Dosen FMIPA UI Persoalkan Aturan Pengangkatan Guru Besar
Terbaru

Dosen FMIPA UI Persoalkan Aturan Pengangkatan Guru Besar

Pemohon diminta memperbaiki format permohonan sesuai dengan ketentuan Hukum Acara MK. Mulai dari identitas Pemohon, kewenangan Mahkamah, kedudukan hukum, alasan permohonan, hingga petitum permohonan.

Oleh:
Agus Sahbani
Bacaan 3 Menit
Gedung MK. Foto: RES
Gedung MK. Foto: RES

Mahkamah Konstitusi (MK) menggelar sidang pemeriksaan pendahuluan pengujian UU No. 14 Tahun 2005 tentang Guru dan Dosen (UU Guru dan Dosen), Rabu (16/6/2021). Permohonan yang teregistrasi dengan Nomor 20/PUU-XIX/2021 ini diajukan oleh Sri Mardiyati yang merupakan Dosen FMIPA Universitas Indonesia.

Pemohon menguji Pasal 50 ayat (4) UU Guru dan Dosen yang menyebutkan, “Ketentuan lebih lanjut mengenai seleksi sebagaimana dimaksud pada ayat (2) dan pengangkatan serta penetapan jenjang jabatan akademik tertentu sebagaimana dimaksud pada ayat (3) ditentukan oleh setiap satuan pendidikan tinggi sesuai dengan peraturan perundang-undangan.”

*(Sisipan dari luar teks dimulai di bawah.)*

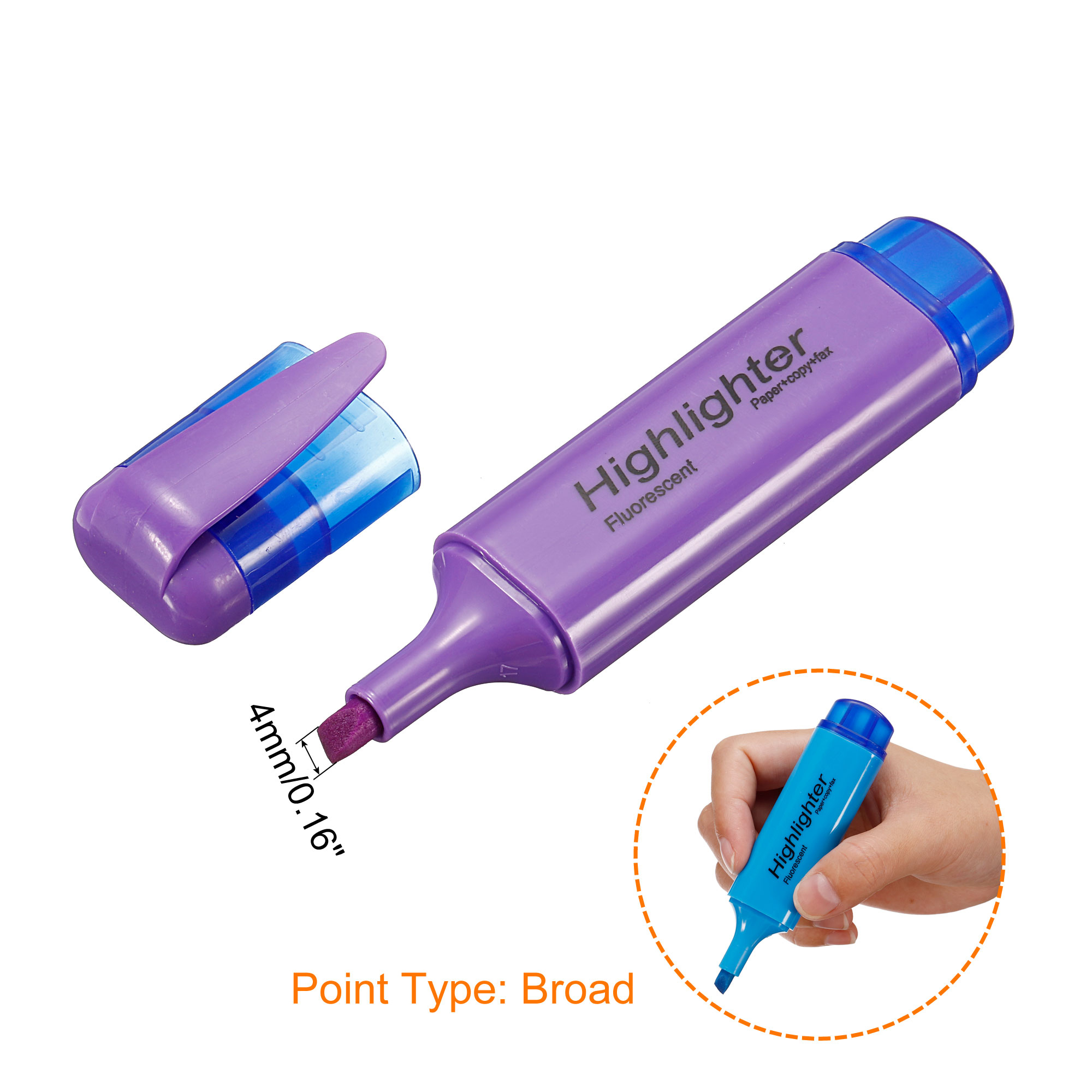 4/6Pc Highlighter Fluorescent  - Highlighter Set Pastel บทวิจารณ์และราคา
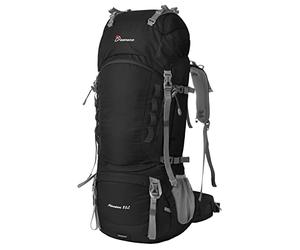 MOUNTAINTOP 80L Hiking Backpack Waterproof Rucksack for Men Womens Travel Backpack Large Camping Backpack Trekking Rucksack with Rain Cover for Travel Camping Climbing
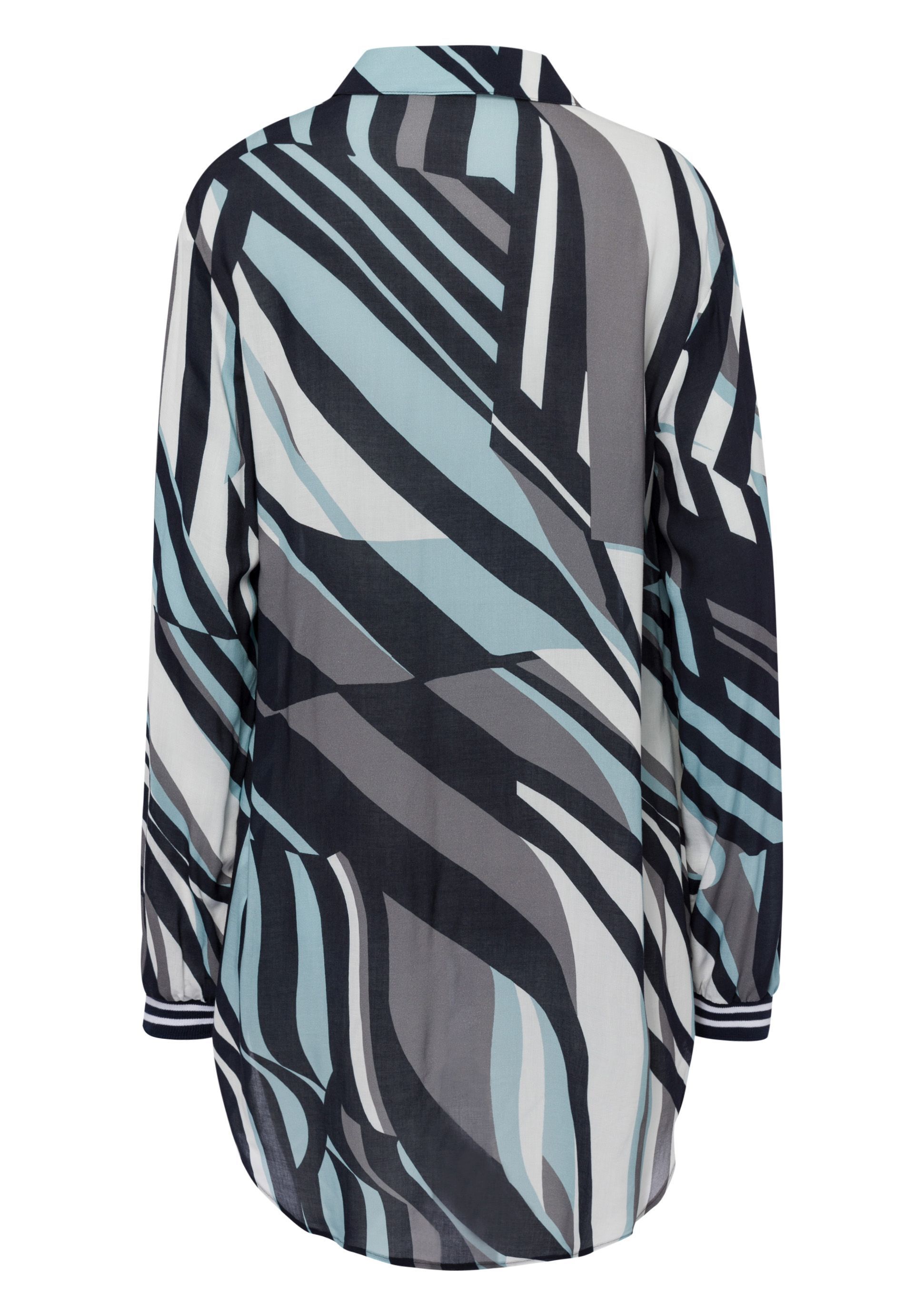 Longbluse mit geometrischem Muster-Print | Blusen | Collection | TUZZI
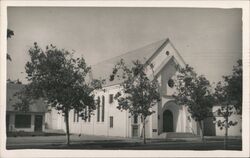 Baptist Church Postcard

Dalam kasus konkrit, Pemohon diusulkan oleh Rektor UI kepada Menteri Pendidikan dan Kebudayaan untuk diangkat sebagai guru besar atau profesor pada 2019. Setelah melalui proses panjang di internal UI, termasuk penilaian karya ilmiah oleh guru besar di bidang matematika dari Institut Teknologi Bandung (ITB).

“Namun usulan tersebut ditolak oleh Menteri Pendidikan dan Kebudayaan, dalam hal ini Direktorat Jenderal Pendidikan Tinggi. Dengan alasan, karya ilmiah tidak memenuhi syarat. Padahal pihak UI sudah menyetujui dan telah mengesahkan hasil validasi atas karya ilmiah Pemohon,” ujar salah seorang kuasa Pemohon, S.F Marbun dalam persidangan seperti dikutip laman MK.

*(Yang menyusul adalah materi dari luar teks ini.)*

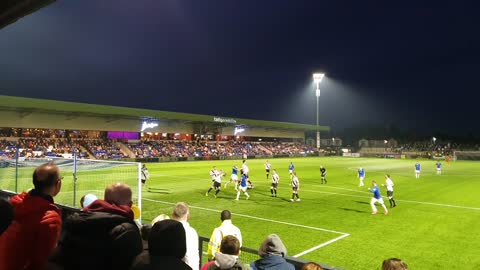 Neil Kengni match-winning goal for Macclesfield FC, versus Mossley AFC, 19_11_2022.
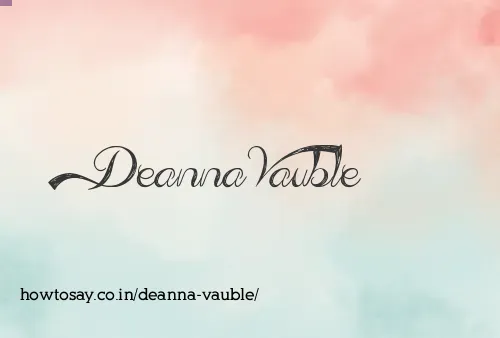 Deanna Vauble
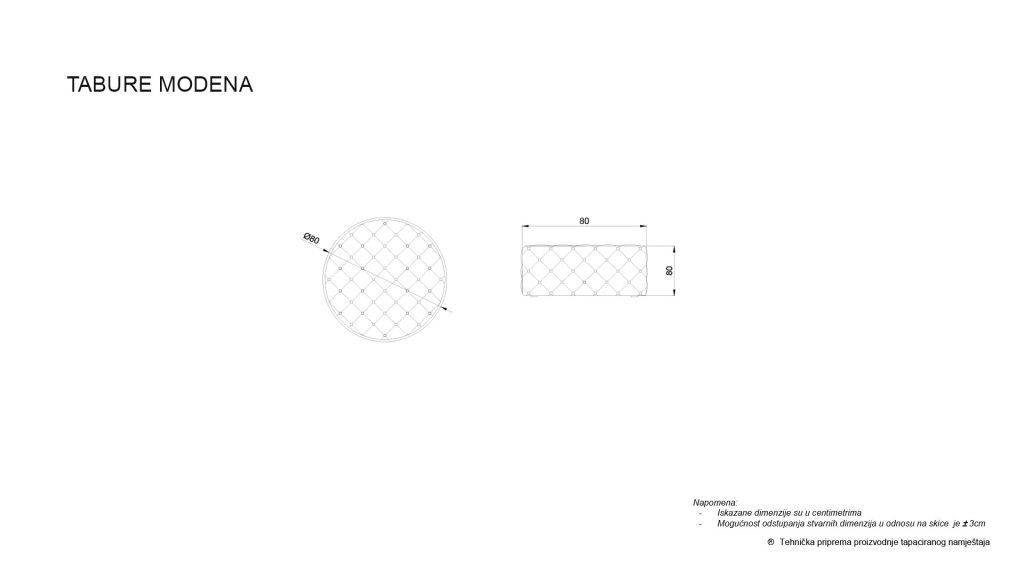 TABURE MODENA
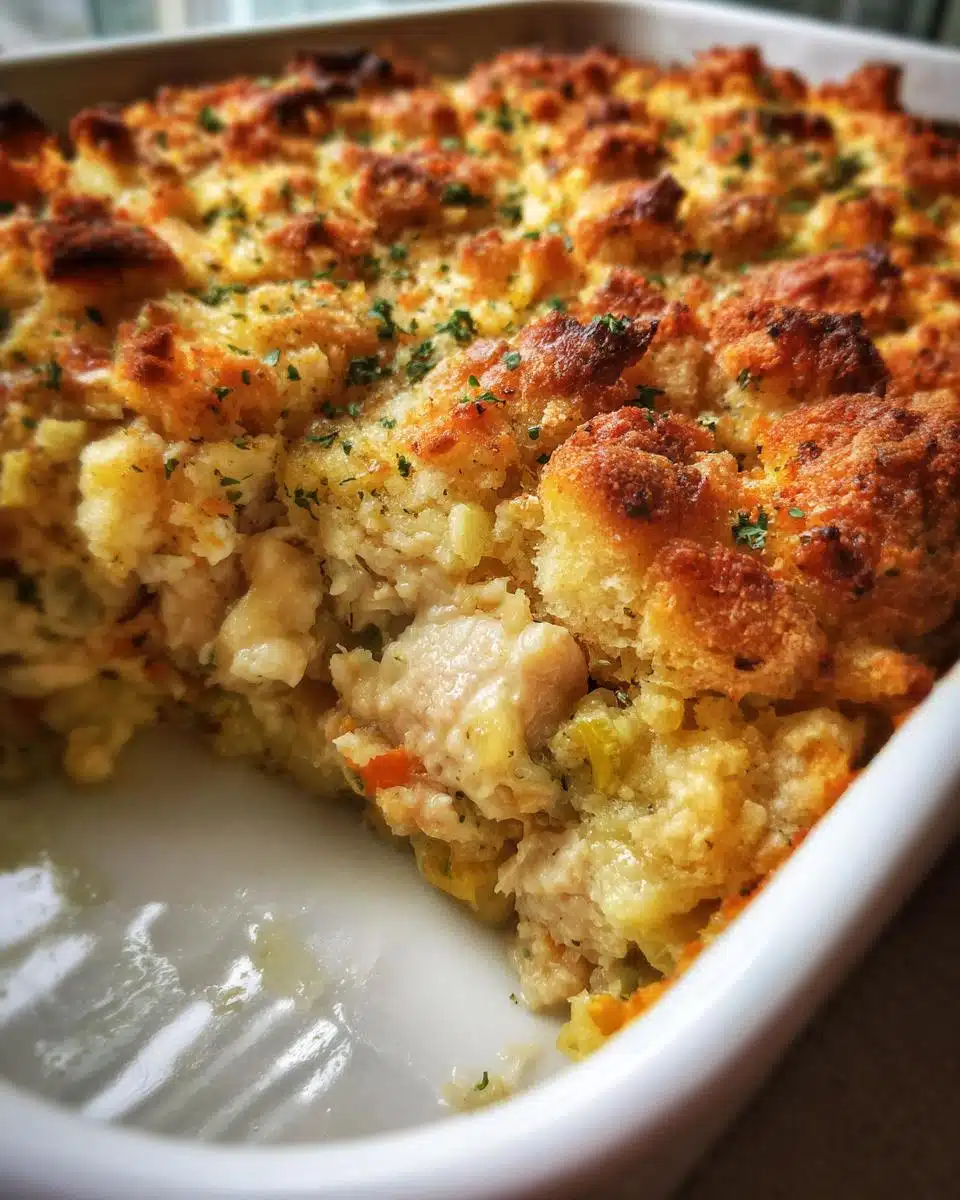 Dolly’s Chicken and Stuffing Casserole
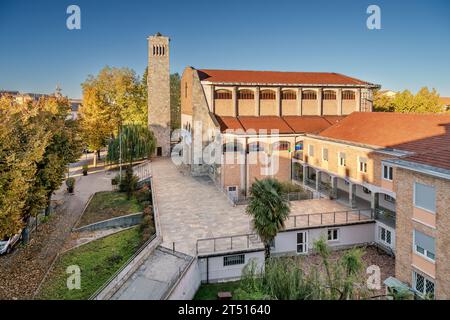 Fossano, Italy - October 31, 2023: Santa Maria del Salice parish church, view from above Stock Photo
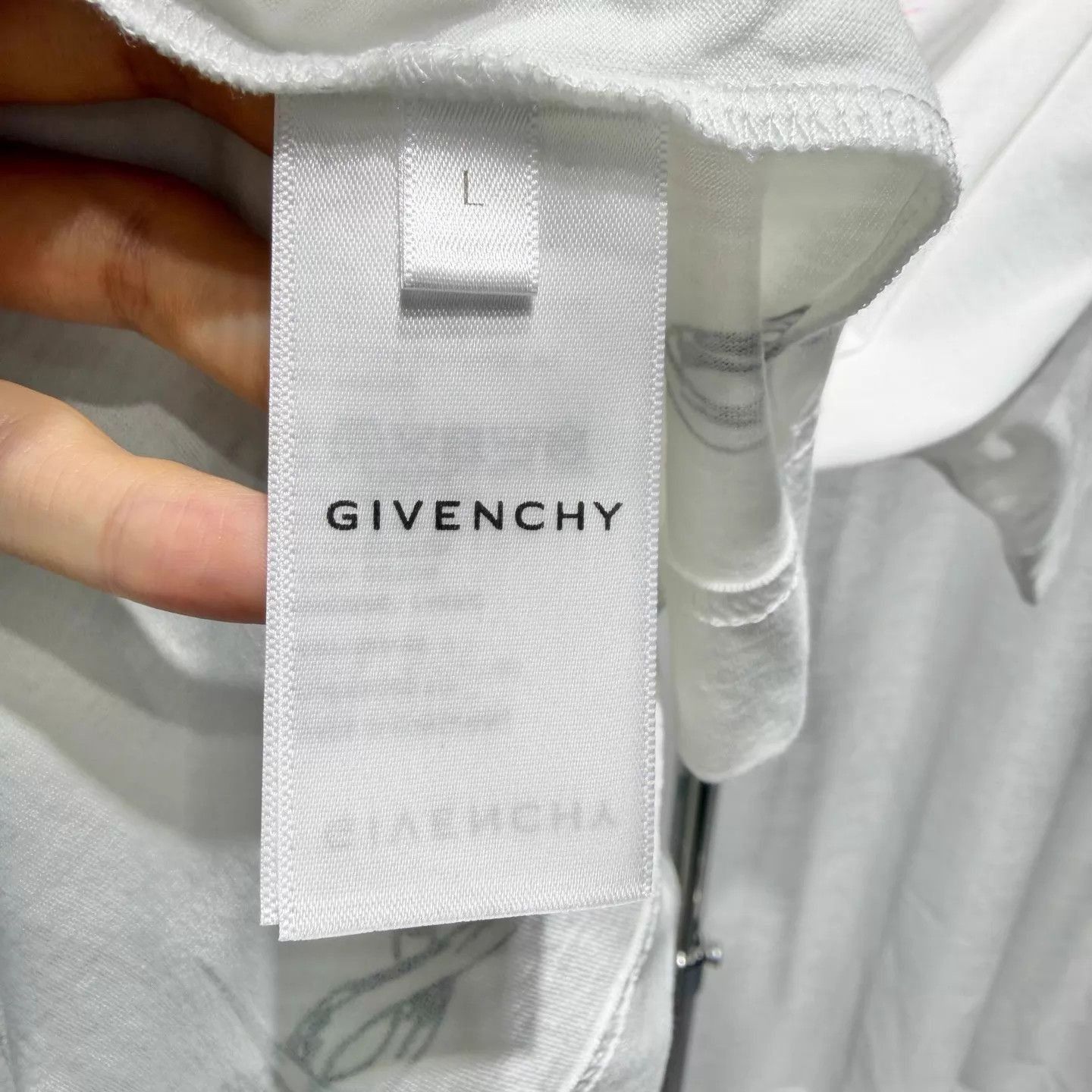 Givenchy White Graphic Print Short Sleeve T-Shirt Size US L / EU 52-54 / 3 - 4 Thumbnail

Pemohon menganggap seharusnya sesuai Pasal 50 ayat (4) UU Guru dan Dosen, pengangkatan dan penetapan jenjang jabatan akademik tertentu termasuk guru besar merupakan kewenangan satuan pendidikan tinggi atau universitas atau rektor. Tetapi karena adanya Pedoman Operasional Penilaian Angka Kredit Tahun 2019 yang ditetapkan oleh Menteri, maka kewenangan untuk mengangkat dan menetapkan jabatan akademik tersebut menjadi kewenangan Direktorat Pendidikan Tinggi.  

Bagi Pemohon, hal itu terjadi karena dalam Pasal 50 ayat (4) UU Guru dan Dosen disebutkan adanya frasa “pengangkatan dan penetapan guru besar ditentukan oleh setiap satuan pendidikan tinggi sesuai dengan peraturan perundang-undangan”. “Adanya frasa ini telah menimbulkan multitafsir. Karena Menteri Pendidikan dan Kebudayaan kemudian membuat peraturan yang membuat kewenangan kepada dirinya yang bertentangan dengan substansi atau maksud Pasal 50 ayat (4) tersebut,” kata Marbun kepada Majelis Panel yang dipimpin Hakim Konstitusi Arief Hidayat.

Menurut Pemohon, dalam praktiknya, Pasal 50 ayat (4) UU Guru dan Dosen diberikan makna lain dengan menggunakan Pasal 70 UU Guru dan Dosen. Seolah-olah pengangkatan dan penetapan jenjang akademik tertentu termasuk pengangkatan guru besar merupakan kewenangan menteri dan bukan kewenangan satuan pendidikan tinggi.